### About this exercise
What's needed is an exact copy of all the data below, without pictures.

---------- Recorded data ----------

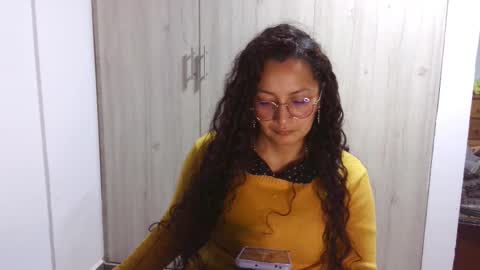  Khawit  online show from March 8, 2025, 2:12 am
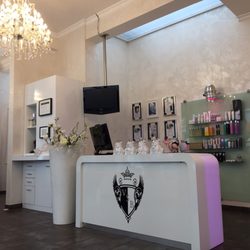 Homage To Hair & Beauty - Empfang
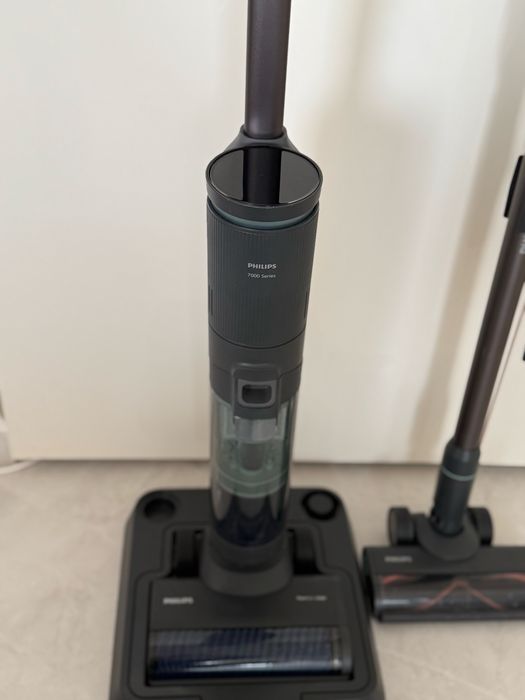 Aspirator vertical 3 in 1 Philips AQUA TRIO seria 7000 XW7264/11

----------

### Answer to this task
  Khawit  online show from March 8, 2025, 2:12 am
 Homage To Hair & Beauty - Empfang
 Aspirator vertical 3 in 1 Philips AQUA TRIO seria 7000 XW7264/11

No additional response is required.